Navio tries to ‘unlock’ Apple’s iPod

“Navio Systems, a startup based in Apple’s hometown of Cupertino, Calif., is hoping to… let anyone sell music, videos, games, and other content that stays protected wherever it goes. Hollywood, which has seen Apple rapidly seize control of the paid music-download business, is especially eager for an alternative to iTunes. In fact, they’d like to run their own stores. And that’s what Navio’s software lets them do,” Michael V. Copeland reports for Business 2.0. “Navio has built a system that stores the rights associated with a piece of music, a game or a movie in the file itself. When you buy a song or video from a Navio-powered website, information about your purchase is stored in a ‘digital locker’ that tracks your rights. The key difference from iTunes: Navio doesn’t care where you get the content. And that opens up any number of websites to the possibility of selling digital content.”

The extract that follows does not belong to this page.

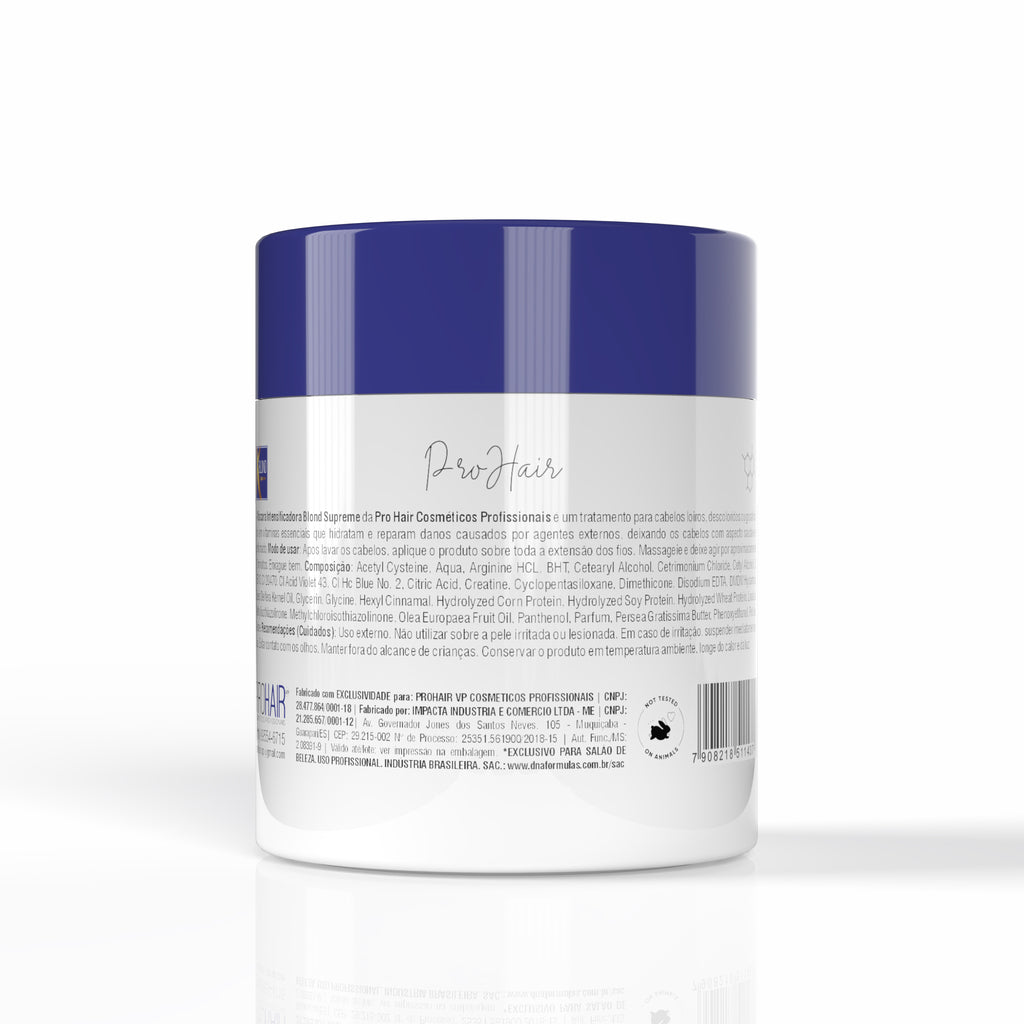 Máscara Matizadora Blond Supreme 500g - Prohair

“Already, early Navio customers like Fox, Sony BMG Music Entertainment, Walt Disney Internet, Cingular and Verizon Wireless have been experimenting with Navio’s software to sell digital content. Disney, for example, will be using Navio to power content sales on its website promoting the Pixar/Disney animated blockbuster Cars,” Copeland reports. “By the end of June, Navio plans to include software that lets its customers offer copy-protected videos that will play on iPods. Michael V. Copeland reports for Business 2.0.”

Full article here.
[Thanks to MacDailyNews Reader “Jamie” for the heads up.]

MacDailyNews Take: Cool, even before release, Cars is already a blockbuster.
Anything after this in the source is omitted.